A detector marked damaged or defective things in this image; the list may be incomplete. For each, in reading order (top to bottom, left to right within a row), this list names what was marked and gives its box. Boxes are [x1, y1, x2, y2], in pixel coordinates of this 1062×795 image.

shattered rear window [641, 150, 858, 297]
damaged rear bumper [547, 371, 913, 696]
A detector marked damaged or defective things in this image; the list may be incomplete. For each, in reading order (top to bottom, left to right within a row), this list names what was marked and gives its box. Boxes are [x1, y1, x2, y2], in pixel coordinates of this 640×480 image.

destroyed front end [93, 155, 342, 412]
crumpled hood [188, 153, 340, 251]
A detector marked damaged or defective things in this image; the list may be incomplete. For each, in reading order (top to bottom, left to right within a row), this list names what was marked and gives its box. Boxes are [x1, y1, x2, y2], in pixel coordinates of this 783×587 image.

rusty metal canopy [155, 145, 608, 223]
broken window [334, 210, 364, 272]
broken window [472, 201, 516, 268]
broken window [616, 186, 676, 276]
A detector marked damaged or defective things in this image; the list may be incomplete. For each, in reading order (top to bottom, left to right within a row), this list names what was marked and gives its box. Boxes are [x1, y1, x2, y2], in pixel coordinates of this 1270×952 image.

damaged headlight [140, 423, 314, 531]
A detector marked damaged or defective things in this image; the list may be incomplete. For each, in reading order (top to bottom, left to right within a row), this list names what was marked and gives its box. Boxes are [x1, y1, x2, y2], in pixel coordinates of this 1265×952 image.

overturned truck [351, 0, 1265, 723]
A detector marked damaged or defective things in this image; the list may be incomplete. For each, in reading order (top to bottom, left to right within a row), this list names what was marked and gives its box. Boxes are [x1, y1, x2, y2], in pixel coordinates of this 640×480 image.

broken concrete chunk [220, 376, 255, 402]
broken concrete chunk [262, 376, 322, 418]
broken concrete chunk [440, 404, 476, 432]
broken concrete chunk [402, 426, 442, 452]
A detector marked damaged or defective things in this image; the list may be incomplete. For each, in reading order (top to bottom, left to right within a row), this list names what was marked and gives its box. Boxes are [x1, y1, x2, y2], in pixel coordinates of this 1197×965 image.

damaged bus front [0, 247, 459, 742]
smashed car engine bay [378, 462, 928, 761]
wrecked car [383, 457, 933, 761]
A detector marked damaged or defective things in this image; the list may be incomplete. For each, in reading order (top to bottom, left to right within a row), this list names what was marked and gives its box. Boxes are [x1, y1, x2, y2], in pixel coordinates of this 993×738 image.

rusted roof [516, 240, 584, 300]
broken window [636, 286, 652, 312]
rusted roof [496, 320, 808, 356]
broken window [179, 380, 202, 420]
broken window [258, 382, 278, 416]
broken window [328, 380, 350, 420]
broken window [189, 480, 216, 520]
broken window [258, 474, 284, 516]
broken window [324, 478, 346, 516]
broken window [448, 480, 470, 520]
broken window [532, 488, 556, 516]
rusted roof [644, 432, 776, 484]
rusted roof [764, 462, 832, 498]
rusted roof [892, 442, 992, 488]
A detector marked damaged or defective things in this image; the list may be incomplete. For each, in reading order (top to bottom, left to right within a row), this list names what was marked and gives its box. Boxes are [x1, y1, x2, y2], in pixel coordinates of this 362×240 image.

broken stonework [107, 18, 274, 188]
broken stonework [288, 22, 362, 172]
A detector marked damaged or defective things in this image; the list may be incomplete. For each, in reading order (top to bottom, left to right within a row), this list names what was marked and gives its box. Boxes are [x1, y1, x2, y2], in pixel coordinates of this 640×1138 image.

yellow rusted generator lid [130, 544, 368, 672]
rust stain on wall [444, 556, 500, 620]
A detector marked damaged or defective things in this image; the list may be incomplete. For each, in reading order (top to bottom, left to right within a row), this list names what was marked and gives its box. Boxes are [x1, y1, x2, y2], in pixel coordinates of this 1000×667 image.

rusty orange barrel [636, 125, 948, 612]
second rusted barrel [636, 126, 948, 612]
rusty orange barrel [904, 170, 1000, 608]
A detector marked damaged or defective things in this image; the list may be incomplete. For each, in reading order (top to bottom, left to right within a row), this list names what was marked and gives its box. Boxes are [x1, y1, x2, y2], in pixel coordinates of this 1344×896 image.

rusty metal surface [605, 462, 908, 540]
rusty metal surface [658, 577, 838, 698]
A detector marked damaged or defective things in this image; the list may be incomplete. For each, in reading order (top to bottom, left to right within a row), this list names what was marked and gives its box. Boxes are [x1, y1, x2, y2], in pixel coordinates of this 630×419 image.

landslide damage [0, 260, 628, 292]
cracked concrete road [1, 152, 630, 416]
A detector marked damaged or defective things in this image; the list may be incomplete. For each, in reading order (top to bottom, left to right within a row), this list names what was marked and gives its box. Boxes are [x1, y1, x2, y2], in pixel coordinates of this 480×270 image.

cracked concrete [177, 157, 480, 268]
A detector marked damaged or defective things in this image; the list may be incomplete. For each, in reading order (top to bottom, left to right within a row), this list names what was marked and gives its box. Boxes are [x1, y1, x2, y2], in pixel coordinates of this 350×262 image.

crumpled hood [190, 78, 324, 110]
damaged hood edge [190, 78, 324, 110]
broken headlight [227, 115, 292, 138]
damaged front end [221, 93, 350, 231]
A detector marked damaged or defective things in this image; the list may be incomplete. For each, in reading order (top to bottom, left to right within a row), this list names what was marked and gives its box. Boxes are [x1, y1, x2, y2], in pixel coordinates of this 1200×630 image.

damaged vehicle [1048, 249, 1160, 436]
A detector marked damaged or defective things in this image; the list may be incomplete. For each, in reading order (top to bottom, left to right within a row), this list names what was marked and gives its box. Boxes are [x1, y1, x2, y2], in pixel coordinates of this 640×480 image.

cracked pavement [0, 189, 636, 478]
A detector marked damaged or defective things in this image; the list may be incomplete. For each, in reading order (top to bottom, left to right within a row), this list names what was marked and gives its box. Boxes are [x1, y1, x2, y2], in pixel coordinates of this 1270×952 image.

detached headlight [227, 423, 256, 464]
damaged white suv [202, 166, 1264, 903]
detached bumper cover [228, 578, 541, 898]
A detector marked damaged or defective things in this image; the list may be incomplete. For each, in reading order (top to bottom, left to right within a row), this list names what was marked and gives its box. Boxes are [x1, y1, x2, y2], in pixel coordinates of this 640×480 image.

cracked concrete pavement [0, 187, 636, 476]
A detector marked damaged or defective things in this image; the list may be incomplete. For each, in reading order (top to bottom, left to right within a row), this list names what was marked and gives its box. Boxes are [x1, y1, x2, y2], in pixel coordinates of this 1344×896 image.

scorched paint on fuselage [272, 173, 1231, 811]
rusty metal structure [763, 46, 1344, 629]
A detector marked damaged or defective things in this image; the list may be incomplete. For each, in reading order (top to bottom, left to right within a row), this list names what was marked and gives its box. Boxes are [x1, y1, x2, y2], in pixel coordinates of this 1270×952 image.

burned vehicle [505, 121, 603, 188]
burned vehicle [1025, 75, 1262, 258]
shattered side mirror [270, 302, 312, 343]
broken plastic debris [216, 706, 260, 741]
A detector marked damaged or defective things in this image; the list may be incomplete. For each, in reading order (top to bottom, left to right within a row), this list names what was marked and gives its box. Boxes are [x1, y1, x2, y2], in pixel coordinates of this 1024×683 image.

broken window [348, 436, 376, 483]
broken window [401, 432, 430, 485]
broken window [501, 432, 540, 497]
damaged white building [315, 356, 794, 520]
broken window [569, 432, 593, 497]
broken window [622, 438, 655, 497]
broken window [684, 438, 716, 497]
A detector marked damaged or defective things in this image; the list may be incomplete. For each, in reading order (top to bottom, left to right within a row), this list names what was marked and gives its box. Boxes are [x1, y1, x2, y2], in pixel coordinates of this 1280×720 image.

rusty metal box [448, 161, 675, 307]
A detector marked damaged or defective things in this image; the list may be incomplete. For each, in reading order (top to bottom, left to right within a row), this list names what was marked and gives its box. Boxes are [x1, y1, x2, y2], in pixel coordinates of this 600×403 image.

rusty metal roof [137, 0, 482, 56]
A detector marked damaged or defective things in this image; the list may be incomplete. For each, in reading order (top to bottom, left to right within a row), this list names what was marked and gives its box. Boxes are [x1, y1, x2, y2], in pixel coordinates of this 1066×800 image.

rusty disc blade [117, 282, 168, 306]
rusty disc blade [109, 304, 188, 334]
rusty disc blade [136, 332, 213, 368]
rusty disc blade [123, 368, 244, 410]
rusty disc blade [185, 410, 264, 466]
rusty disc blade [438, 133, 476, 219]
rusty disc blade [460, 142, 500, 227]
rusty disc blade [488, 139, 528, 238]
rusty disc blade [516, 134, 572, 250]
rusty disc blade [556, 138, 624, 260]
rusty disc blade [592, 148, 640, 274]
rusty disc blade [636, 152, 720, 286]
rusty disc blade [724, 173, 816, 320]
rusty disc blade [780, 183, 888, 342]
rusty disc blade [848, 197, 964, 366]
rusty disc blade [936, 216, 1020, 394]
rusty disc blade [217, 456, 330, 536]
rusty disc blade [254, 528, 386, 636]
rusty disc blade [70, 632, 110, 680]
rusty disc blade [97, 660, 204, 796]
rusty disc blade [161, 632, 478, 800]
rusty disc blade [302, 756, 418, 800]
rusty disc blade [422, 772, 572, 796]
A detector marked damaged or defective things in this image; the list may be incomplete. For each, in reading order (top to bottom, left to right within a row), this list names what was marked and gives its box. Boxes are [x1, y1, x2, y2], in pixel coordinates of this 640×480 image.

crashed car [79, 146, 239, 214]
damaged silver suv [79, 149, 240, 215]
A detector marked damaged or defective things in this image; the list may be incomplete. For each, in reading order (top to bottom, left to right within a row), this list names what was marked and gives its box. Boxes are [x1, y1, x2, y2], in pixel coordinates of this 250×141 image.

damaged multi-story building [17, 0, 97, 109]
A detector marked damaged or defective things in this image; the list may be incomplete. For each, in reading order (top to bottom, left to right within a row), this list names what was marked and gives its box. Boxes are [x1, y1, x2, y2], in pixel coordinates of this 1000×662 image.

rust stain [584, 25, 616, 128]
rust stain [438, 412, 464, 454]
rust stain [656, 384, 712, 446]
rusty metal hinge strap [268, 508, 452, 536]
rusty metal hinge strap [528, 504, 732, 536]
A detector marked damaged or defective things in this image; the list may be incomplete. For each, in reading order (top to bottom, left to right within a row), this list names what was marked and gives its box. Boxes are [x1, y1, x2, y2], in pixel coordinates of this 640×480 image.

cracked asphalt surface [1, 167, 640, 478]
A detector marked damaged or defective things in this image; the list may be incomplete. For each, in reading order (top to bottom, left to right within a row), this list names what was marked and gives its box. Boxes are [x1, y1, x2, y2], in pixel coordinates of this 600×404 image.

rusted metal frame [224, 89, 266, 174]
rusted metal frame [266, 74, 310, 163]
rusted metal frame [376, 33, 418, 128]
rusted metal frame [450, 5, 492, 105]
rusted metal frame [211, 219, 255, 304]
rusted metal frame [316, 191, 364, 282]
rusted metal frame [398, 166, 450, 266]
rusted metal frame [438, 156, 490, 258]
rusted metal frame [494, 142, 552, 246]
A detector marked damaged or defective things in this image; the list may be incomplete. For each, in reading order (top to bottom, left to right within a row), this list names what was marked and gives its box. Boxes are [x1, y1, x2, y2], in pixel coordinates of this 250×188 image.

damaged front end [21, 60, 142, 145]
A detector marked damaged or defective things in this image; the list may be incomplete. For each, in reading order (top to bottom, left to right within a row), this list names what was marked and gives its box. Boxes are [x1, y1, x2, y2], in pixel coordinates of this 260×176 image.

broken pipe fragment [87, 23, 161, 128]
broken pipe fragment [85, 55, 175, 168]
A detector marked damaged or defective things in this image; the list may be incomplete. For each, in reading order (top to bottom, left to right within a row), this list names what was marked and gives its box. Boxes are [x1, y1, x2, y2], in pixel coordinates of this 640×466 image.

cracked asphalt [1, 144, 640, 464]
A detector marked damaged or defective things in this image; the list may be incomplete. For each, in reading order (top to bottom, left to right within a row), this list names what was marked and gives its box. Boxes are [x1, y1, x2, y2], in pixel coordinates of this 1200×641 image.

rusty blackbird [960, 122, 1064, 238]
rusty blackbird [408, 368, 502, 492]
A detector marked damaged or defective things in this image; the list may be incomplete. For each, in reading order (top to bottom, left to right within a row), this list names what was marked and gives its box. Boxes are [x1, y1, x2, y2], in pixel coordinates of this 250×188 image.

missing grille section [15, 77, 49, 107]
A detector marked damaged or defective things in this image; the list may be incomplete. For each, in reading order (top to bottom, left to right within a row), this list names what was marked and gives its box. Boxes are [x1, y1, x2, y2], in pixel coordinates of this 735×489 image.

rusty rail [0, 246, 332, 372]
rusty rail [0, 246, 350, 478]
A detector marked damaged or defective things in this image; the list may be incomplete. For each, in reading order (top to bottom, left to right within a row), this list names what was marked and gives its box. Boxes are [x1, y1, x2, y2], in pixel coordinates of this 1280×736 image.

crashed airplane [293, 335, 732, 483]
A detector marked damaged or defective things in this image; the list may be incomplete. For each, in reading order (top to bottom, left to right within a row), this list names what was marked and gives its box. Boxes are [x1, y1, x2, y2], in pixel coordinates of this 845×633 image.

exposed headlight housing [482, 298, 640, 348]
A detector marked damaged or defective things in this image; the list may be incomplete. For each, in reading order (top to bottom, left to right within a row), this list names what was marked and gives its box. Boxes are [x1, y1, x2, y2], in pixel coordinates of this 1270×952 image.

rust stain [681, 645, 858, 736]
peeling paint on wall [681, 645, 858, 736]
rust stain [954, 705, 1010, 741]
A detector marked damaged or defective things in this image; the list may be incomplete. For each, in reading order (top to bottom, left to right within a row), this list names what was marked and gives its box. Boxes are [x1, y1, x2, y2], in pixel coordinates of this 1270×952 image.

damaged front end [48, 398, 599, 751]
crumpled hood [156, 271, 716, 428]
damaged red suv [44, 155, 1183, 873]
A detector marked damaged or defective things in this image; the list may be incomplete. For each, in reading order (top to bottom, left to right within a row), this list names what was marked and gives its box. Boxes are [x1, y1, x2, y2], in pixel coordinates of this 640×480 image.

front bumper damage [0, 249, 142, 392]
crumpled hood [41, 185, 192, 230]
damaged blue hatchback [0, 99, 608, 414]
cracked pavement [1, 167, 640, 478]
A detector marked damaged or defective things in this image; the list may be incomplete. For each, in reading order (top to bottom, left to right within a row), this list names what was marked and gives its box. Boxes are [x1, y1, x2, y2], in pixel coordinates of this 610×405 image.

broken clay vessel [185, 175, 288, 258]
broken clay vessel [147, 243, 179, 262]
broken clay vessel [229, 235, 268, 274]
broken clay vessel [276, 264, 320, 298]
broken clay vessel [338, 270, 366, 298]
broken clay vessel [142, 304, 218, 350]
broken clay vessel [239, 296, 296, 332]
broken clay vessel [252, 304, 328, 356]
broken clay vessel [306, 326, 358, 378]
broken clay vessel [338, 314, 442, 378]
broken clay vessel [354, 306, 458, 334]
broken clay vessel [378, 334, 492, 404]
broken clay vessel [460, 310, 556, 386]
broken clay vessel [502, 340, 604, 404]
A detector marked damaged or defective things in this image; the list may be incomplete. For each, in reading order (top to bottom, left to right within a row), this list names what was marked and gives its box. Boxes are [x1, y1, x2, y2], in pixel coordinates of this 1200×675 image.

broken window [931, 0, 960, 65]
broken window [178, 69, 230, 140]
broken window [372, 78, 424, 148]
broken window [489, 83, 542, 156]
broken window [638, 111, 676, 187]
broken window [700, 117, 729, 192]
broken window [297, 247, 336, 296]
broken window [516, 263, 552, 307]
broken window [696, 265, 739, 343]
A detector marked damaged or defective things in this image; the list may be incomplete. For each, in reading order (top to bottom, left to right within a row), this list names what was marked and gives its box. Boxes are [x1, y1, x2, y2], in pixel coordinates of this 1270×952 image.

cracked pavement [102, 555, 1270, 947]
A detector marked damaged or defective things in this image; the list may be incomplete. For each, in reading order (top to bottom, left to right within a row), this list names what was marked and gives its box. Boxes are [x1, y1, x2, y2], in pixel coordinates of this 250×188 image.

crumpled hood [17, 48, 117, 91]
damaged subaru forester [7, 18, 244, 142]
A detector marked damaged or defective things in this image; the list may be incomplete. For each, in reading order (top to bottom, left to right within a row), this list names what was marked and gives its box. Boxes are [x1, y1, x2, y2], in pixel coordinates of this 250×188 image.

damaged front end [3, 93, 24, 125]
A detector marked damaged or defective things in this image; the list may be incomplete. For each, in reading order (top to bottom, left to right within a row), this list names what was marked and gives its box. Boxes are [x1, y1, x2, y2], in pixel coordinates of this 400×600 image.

**WHAT THE TASK REQUIRES**
Begin with the line that contains "this 1200×675 image." and end with the last line of the material above. Set down that range exactly.

**FINISHED TASK**
A detector marked damaged or defective things in this image; the list may be incomplete. For each, in reading order (top to bottom, left to right within a row), this list names what was marked and gives its box. Boxes are [x1, y1, x2, y2], in pixel coordinates of this 1200×675 image.

broken window [931, 0, 960, 65]
broken window [178, 69, 230, 140]
broken window [372, 78, 424, 148]
broken window [489, 83, 542, 156]
broken window [638, 111, 676, 187]
broken window [700, 117, 729, 192]
broken window [297, 247, 336, 296]
broken window [516, 263, 552, 307]
broken window [696, 265, 739, 343]
A detector marked damaged or defective things in this image; the list may be incomplete. For each, in reading order (top to bottom, left to right within a row), this list names what was marked and gives its box. Boxes are [x1, y1, x2, y2], in pixel coordinates of this 1270×952 image.

cracked pavement [102, 555, 1270, 947]
A detector marked damaged or defective things in this image; the list may be incomplete. For each, in reading order (top to bottom, left to right within a row), this list names what was marked and gives its box. Boxes are [x1, y1, x2, y2], in pixel coordinates of this 250×188 image.

crumpled hood [17, 48, 117, 91]
damaged subaru forester [7, 18, 244, 142]
A detector marked damaged or defective things in this image; the list may be incomplete. For each, in reading order (top to bottom, left to right within a row), this list names what was marked and gives its box. Boxes are [x1, y1, x2, y2], in pixel coordinates of this 250×188 image.

damaged front end [3, 93, 24, 125]
A detector marked damaged or defective things in this image; the list may be incomplete. For each, in reading order (top to bottom, left to right within a row), this list names what was marked and gives its box. Boxes are [x1, y1, x2, y2], in pixel coordinates of this 400×600 image.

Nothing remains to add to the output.